Diesmal richtete er eine Pistole auf ihn. Die Fernbedienung für den TeleTac trug er aber weiterhin noch um seinen Hals gehängt.
„Erkennst du mich wenigstens, du Schwein?“, fragte der Entführer krächzend.
„Kennst du mich wieder?“
Viktor schüttelte den niedergeschlagen Kopf.
„Vor ziemlich genau 9 Jahren... du kennst mich!“
Plötzlich sah Viktor den rundlichen Mann mit der Nickelbrille vor seinem inneren Auge. Er hatte in seiner Firma gearbeitet. Dieker....Dierks...Dierks, genau. Der Mann vor ihm musste Herbert Dierks sein! Ja, er erinnerte sich.
„Kommt die Erinnerung, ja? Schön. Dann kannst du dir ja sicher denken, das ich ziemlich sauer auf dich bin... Sehr sauer sogar.“
Viktor kamen immer mehr Details ins Gedächtnis. Ja, er hatte den Mann gekannt. Und ihn irgendwann gefeuert, weil...weil... Aus einer Laune heraus eben. Was war mit ihm geschehen? Früher war er sehr rundlich, heute eher viel zu hager.
„Du Schwein hast mein Leben zerstört! Hast mich grundlos gefeuert, obwohl ich mir immer den Arsch für dich aufgerissen hatte. ‚Sie sind einfach zu dick, um kompetent zu wirken und ihre Arbeit ordentlich verrichten zu können, wir müssen sie leider kündigen!’, hast du mir damals gesagt und dabei gegrinst. Es tat dir kein bischen leid damals!“
Der Entführer redete sich in Rage.
„Hat es dir wirklich leid getan? Das ich Depressionen bekam? Meine Frau sich von mir trennte und die Kinder mitnahm? Ich magersüchtig wurde? Tablettenabhängig? Nein! Hat es nicht! Du hast gegrinst und mit einem Fingerschnippen eine Existenz zerstört. Mich fast getötet...“
Viktor bekam Angst.
„Wie hätte ich das ahnen können...“, versuchte er sich zu verteidigen.

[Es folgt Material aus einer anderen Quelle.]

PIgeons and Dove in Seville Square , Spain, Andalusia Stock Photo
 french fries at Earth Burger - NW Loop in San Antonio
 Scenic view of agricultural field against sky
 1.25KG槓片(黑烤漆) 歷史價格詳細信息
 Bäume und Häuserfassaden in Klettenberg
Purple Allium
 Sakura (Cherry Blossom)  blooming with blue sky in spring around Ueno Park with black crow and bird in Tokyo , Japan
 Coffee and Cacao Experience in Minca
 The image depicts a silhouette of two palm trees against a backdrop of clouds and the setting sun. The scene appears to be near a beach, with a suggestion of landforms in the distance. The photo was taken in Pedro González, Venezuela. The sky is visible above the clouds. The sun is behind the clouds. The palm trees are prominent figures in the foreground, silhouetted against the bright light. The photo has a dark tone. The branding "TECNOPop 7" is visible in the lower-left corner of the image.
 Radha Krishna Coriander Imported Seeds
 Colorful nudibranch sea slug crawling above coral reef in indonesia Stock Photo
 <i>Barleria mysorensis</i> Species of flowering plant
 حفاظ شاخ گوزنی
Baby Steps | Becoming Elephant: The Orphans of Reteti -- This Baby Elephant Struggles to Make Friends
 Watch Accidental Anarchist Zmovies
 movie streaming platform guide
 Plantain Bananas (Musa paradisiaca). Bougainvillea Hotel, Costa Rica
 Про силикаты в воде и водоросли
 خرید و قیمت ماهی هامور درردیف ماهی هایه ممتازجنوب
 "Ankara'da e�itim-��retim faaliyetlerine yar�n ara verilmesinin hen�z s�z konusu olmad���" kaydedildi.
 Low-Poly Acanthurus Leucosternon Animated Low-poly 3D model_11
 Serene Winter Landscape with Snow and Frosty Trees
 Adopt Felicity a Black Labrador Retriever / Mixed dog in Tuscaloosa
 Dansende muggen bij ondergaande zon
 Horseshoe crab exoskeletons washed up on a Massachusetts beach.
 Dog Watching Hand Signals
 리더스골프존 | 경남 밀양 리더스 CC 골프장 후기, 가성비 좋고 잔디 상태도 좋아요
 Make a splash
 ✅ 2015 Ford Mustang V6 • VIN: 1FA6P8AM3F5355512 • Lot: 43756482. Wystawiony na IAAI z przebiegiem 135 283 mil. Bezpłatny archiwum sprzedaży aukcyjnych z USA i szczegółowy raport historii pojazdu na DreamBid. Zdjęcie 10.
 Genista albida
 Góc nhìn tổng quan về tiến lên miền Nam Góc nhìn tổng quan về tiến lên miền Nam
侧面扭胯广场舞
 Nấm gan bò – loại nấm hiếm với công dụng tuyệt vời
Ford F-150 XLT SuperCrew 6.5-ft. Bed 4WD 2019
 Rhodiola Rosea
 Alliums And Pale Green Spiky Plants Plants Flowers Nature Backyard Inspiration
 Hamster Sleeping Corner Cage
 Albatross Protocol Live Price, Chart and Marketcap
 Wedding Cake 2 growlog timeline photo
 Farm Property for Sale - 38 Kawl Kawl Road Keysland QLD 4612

„Arschlöcher wie du haben immer eine Ausrede parat, richtig?“
„Was hast du jetzt vor mit mir. Verrate mir wenigstens, was das ganze Theater hier soll!“
Herbert Dierks zielte mit der Waffe auf Viktors Kopf.
„Ich dachte, das wäre dir jetzt klar geworden. Ich wollte, das du ebenso leidest, wie ich damals, und heute auch noch. Und es ist noch nicht vorbei...“
„Willst du mich denn weiter so quälen?“, fragte Viktor.
„Nein. Ich werde dich hier und jetzt töten! Und dich dann entsorgen. – Draußen steht ein Becken mit hochkonzentrierter Salzsäure. Nach einigen Tagen wird nichts mehr von dir übrig bleiben. Ich habe es getestet. Die Polizei hat die Suche nach dir aufgegeben. Du wirst jetzt schon für tot gehalten, also wird dich keiner vermissen.“
Viktor fuhr der Schrecken in die Glieder. Fieberhaft suchte er nach einem Ausweg, eine Lösung für sein Dilemma. Aber ihm fiel nichts ein. Für einen Angriff war er einfach zu geschwächt. Trotzdem versuchte er es. Immerhin war der magersüchtige Herbert auch nicht der Fitteste.
Viktor sprang überraschend vor und griff den verhassten Entführer an. Die Pistole bellte kurz auf, nach einer Weile noch ein zweites Mal.
Später zog der scharfe Gestank von Ammoniak und Säure durch den Kellerflur...
*
Viktor wurde schläfrig, als die beiden Edelnutten gegangen waren. Er rieb sich mit seinen beringten Fingern durch das asketische Gesicht und zog den seidenen Bademantel aus. Sorgfältig legte er ihn auf den Stuhl. Dann legte er sich aufs Bett, rollte sich in seine Decke ein und schlief nach einiger Zeit ein.